"Oh just stop it already. I am so sick of that line. I don't care if they exceed my expectations, I'm not going to lower the bar retroactively every single day to make sure I can call the season a success no matter how lame or qualified. That's so stupid. They make the playoffs or they don't. And seriously, how big does the number have to get for you to quit saying that?"
"I... I don't know."
"Sounds like you've given up."
"Well..."
"You know what? If you told me they'd be 3.5 games back of the second wild card on August 15, I'd be disappointed. You're selling this team short. Big series this weekend."
✶✶✶✶
At least nobody on the South Side has to endure that conversation. The White Sox may not be mathematically eliminated yet, but they're getting close to white flag territory. They're almost as cold as the Jays - they've lost 8 of 11, which has put them seven games under .500. They've been outscored by 60 runs. Right now I think the Jays could use a series against a veteran team that's just going through the motions, and Chicago may fit that bill. Unfortunately, they will probably be a bit fired up given the outcome of their last game.
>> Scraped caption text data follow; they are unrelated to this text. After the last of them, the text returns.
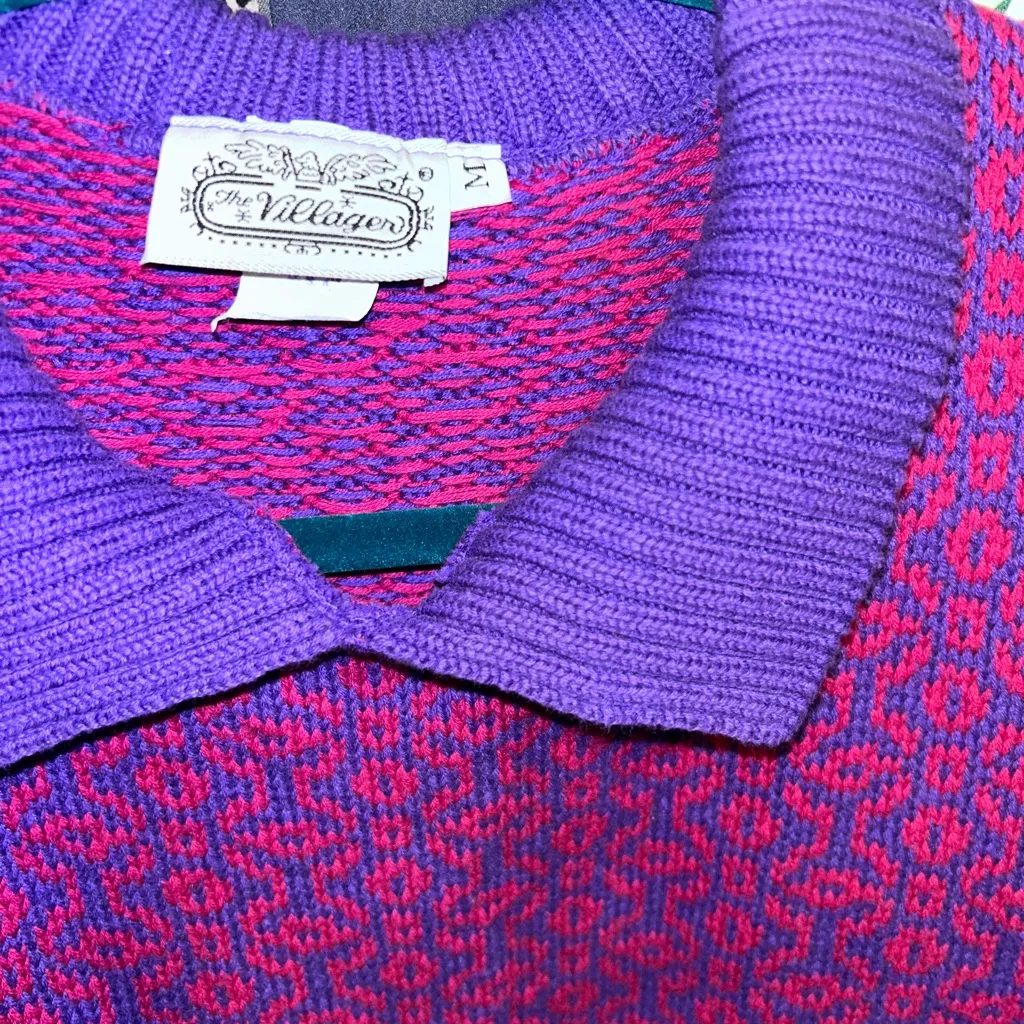 Villager Purple and Pink Knit Vest Vintage Size M EUC - Image 2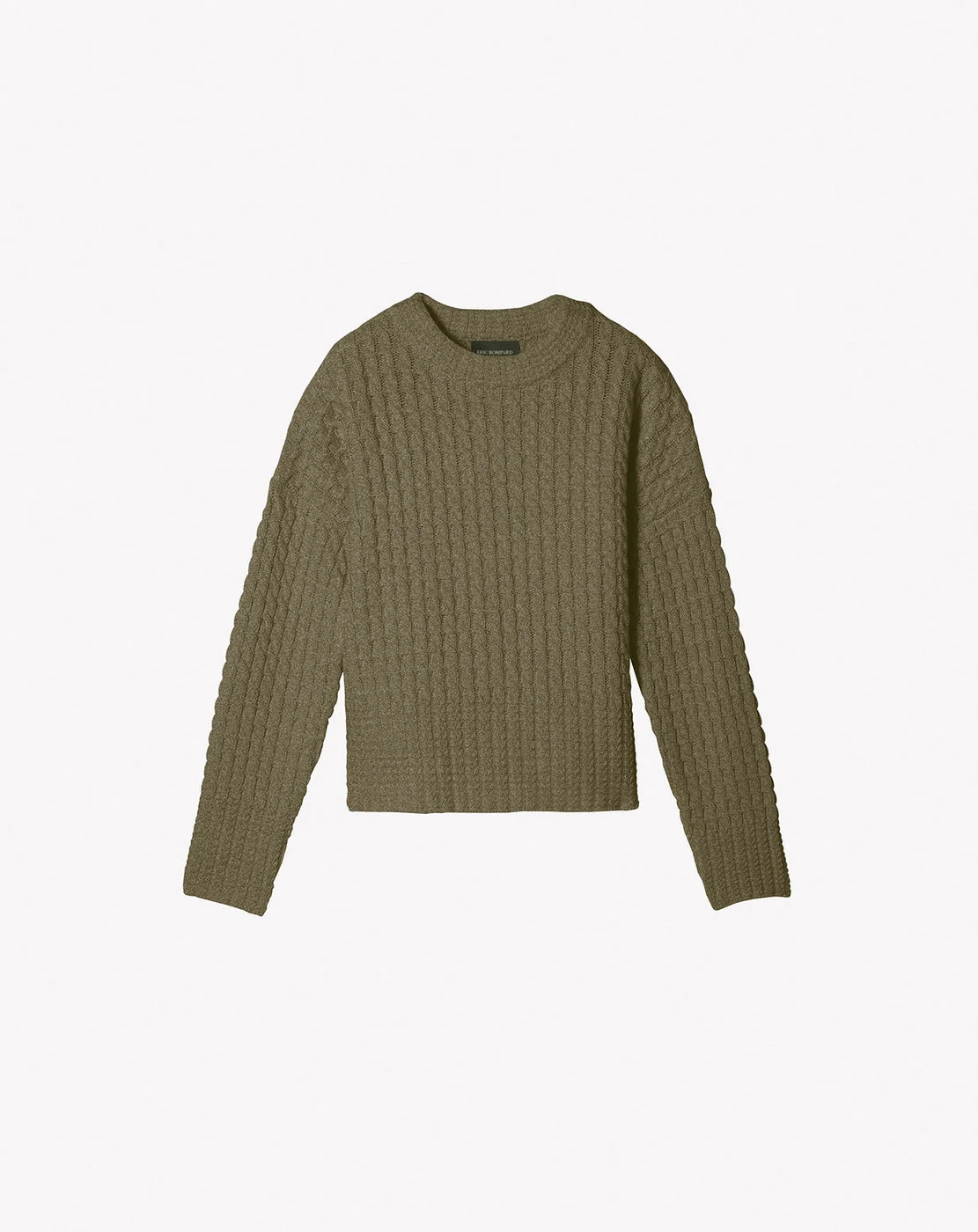 Eric Bompard - Pull Col Montant Double Torsades - Kaki - Femme - Image 3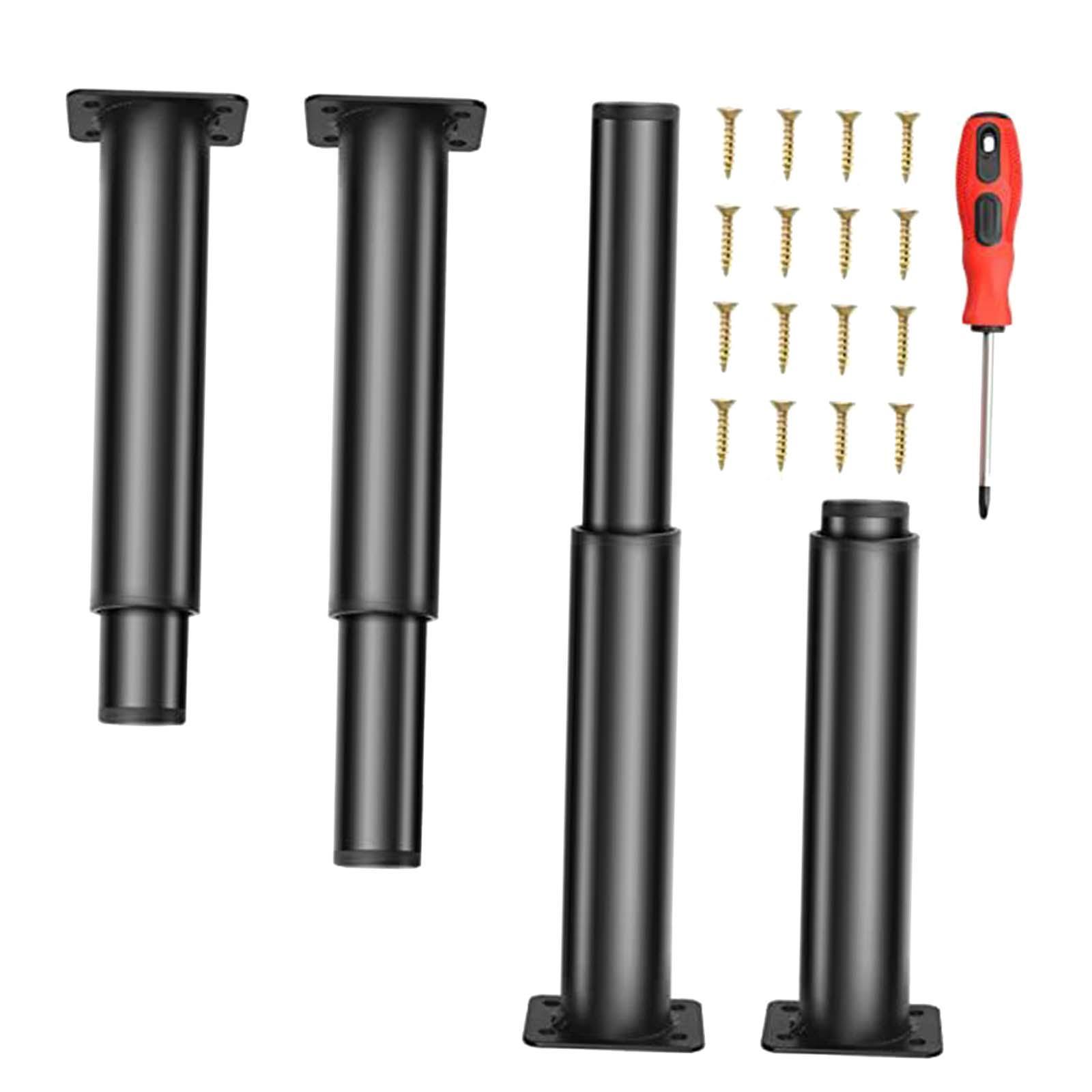 4 Pieces Bed Leg Support Feet Adjustable Height Replacement Leg Heavy Duty Steel Adjustable Leg for Table for Dressing Table Furniture Sofa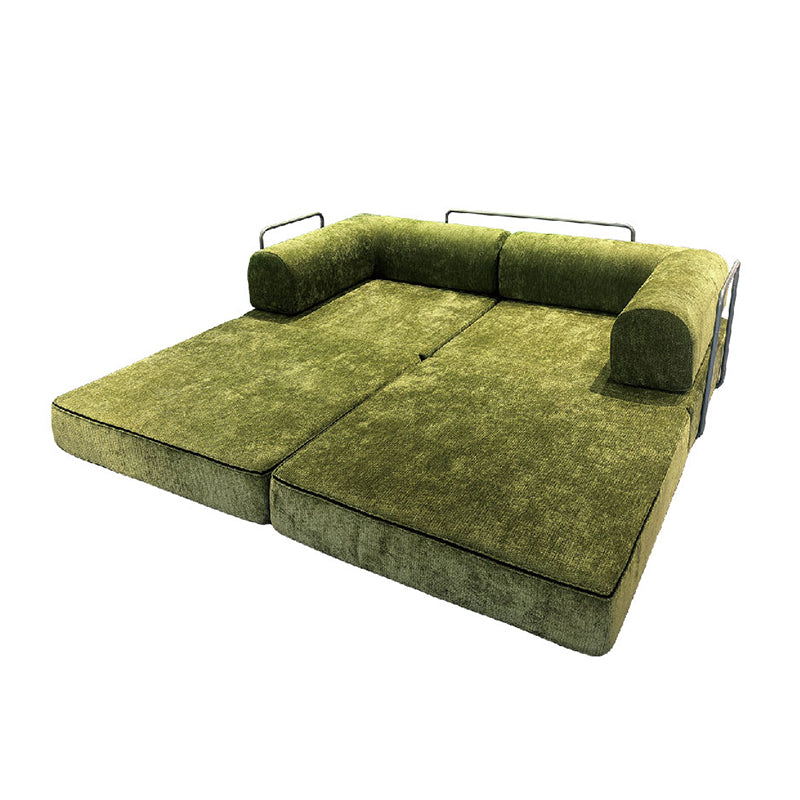 Modern Chenille Convertible Sofa Bed - Compression Foldable Couch With High Resilience Foam And Metal Frame For Living Room & Bedroom Lumendat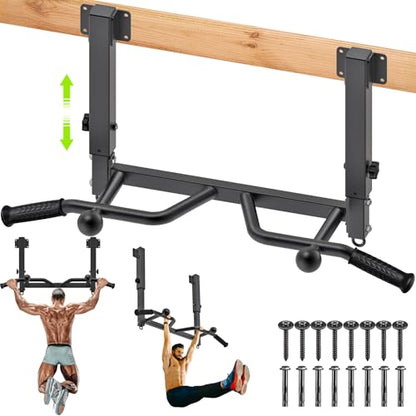 SELEWARE Heavy Duty Welded Pull Up Bar Wall/Joist/Ceiling Mount Chin Up Bar | Multifunctional Pull-up Bars w/Resistance Band Hooks for Home Gym Strength Training, Sturdy Steel Construction Support 500 lb - color: E2: Black Joist Mount Pull Up Bar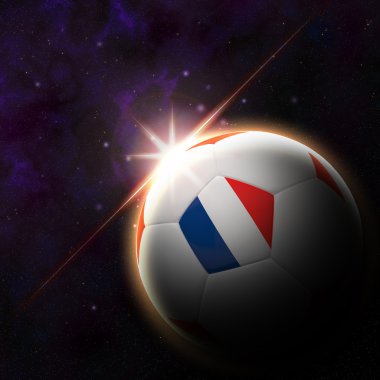 yükselen güneş illüstrasyon ile 3d futbol bayrak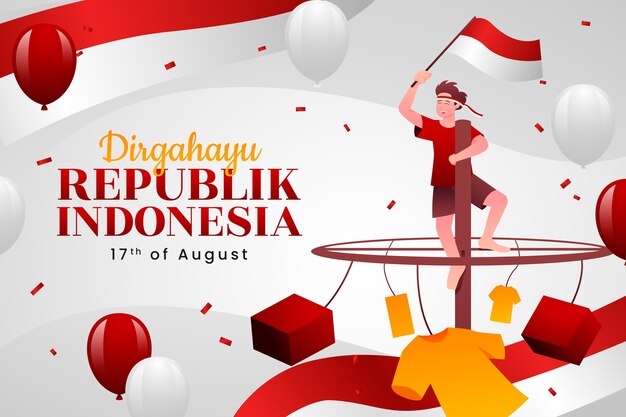 Sfondo sfumato del giorno dell'indipendenza dell'indonesia con una persona che tiene bandiera e palloncini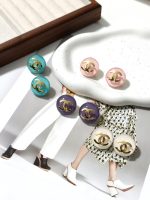 Chanel CC Logo Hemispherical Candy Color Resin Stud Earrings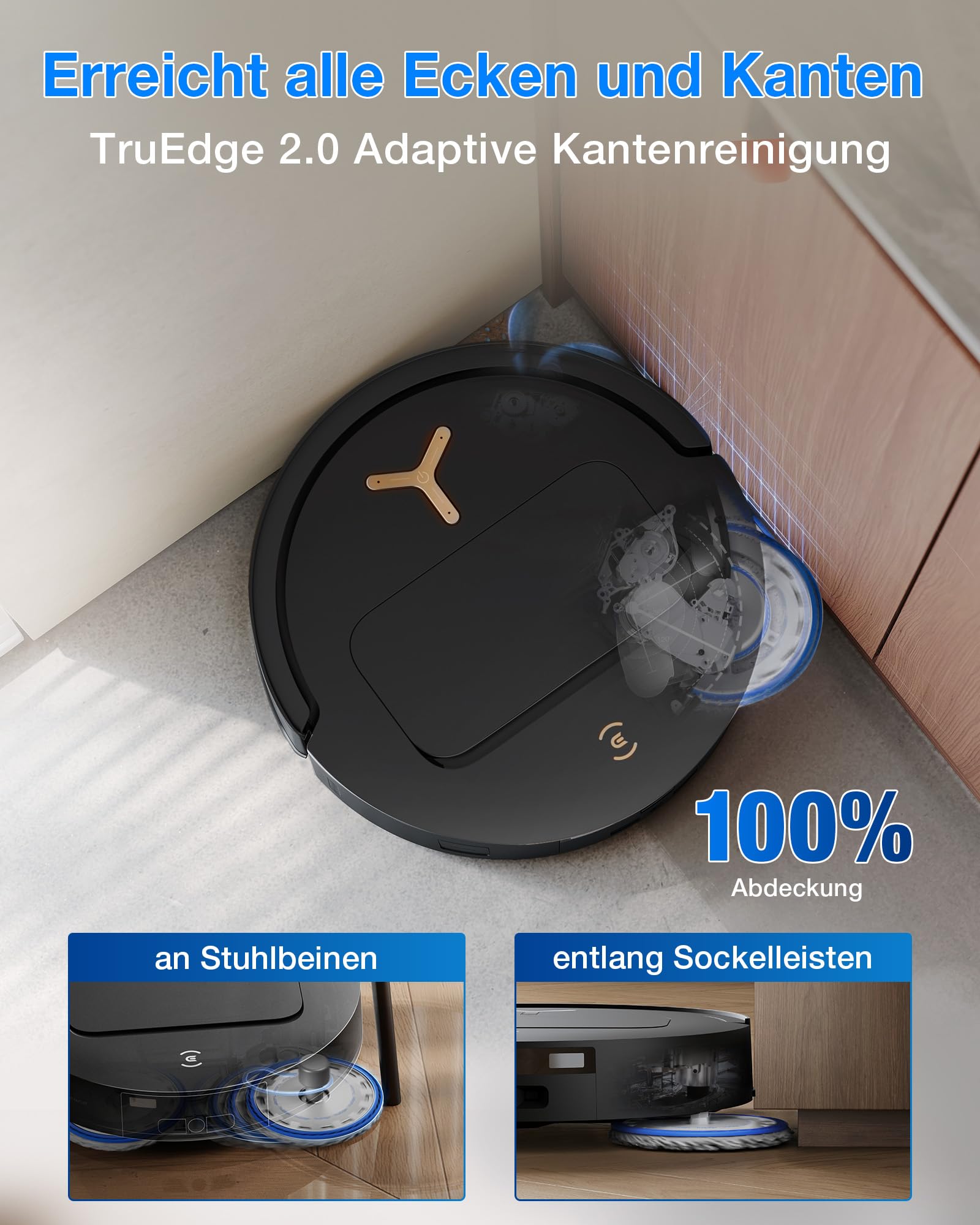 ECOVACS DEEBOT T50 PRO OMNI Gen3 Care kit Robot Aspirapolvere Lavapavimenti, Spazzola Lateral e Mocio a Estensione, 25000Pa, AIVI 3D 3.0, Detergente Automatico, Lavaggio a 75°C, Asciugatura, Nero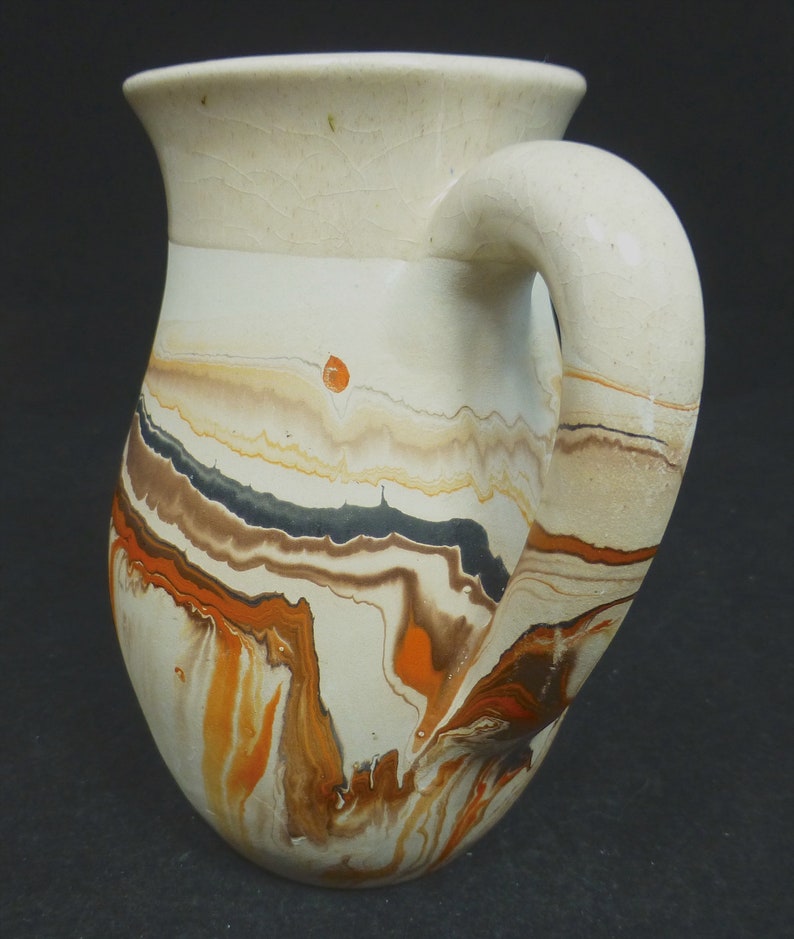 USA Nemadji Pottery Signed Ceramic Jug / Pitcher with Swirly Etsy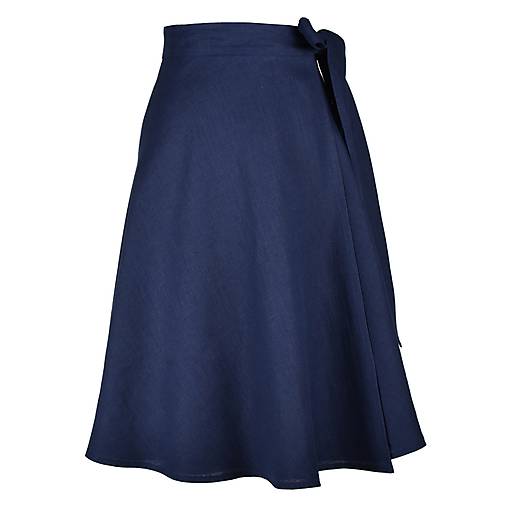 LENA - áčková ľanová zavinovacia sukňa "RôZNE FARBY" (90_night blue)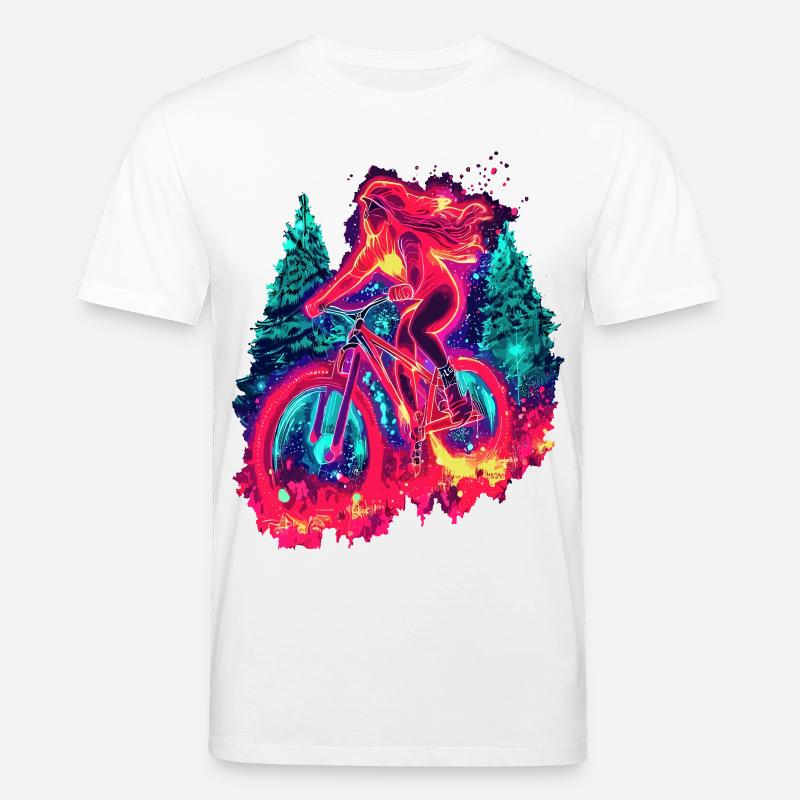 Synthwave Mountainbike Mädchen Waldfahrt - Stanley/Stella Unisex Bio-T-Shirt CREATOR  - Weiß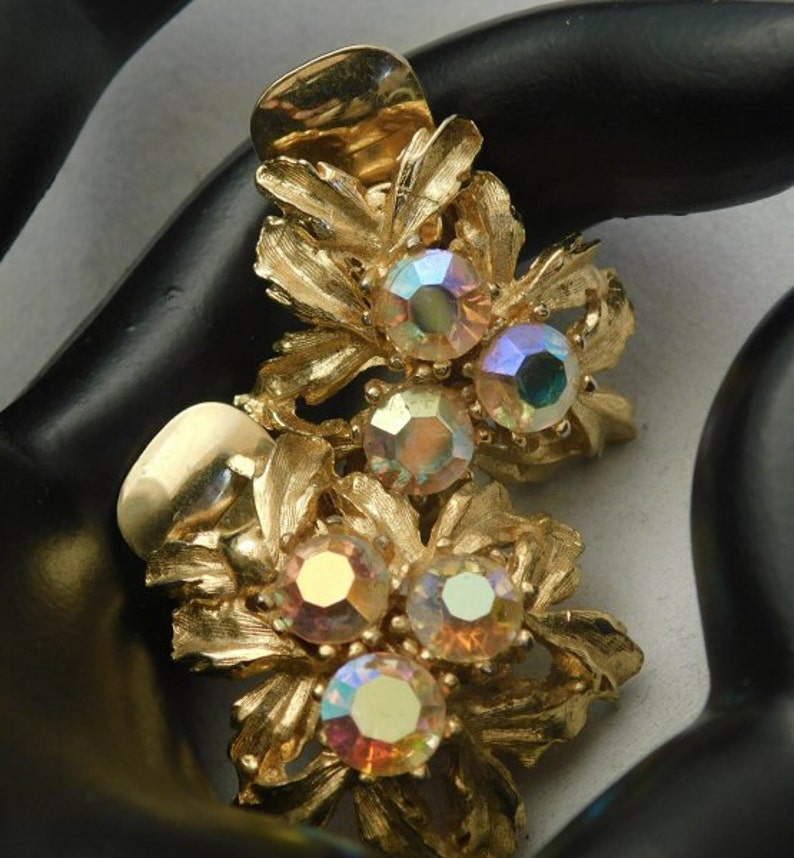 AURORA BOREALIS BLUE Earrings Goldentone Dazzling Rhinestone Gift for Her 901 Clip Vintage Beautiful Austrian Eye Catching Classic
The Sox led San Francisco 1-0 before this play, probably the most absurd correct application of Rule 7.13 yet. Catcher Tyler Flowers caught a throw from first base as Giants speedster Gregor Blanco ran home from third. Blanco was running on contact, and the throw beat him by a mile. Unfortunately for Flowers, his back foot was blocking the plate when he caught the throw, so after video review the umps decided that Blanco had been denied a pathway to the plate, and they ruled him safe. The play triggered a seven-run outburst for the Giants. Robin Ventura threw an impressive tantrum. The noted feminist intellectual Hawk Harrelson prophesied that before long, catchers will wear skirts. Flowers was your voice of reason, railing against the inconsistent interpretation of the rule and the consequences of a super-literal reading: "I’m supposed to be able to make sure I don’t block the plate, catch a ball and make a tag, all within two seconds on an infield dribbler. It’s just not realistic. If it’s an outfield throw it’s one thing. I think most people are getting that. When you’re talking about such a short time period there, on a play like that, it just doesn’t make any sense. And that had no impact on Blanco being able to score. It’s one thing if he makes contact with me before I have the ball, but that wasn’t the case. He was still seven-plus feet away. It had no impact on him whatsoever." So you'll see almost everyone running from third base on contact from now on, right? Why not? The catcher's job is very difficult, and the offense's potential payoff if he can't pull off the highwire act is enormous. At the very least, they need to redraft the rule so that there's an objective definition of "blocking the pathway."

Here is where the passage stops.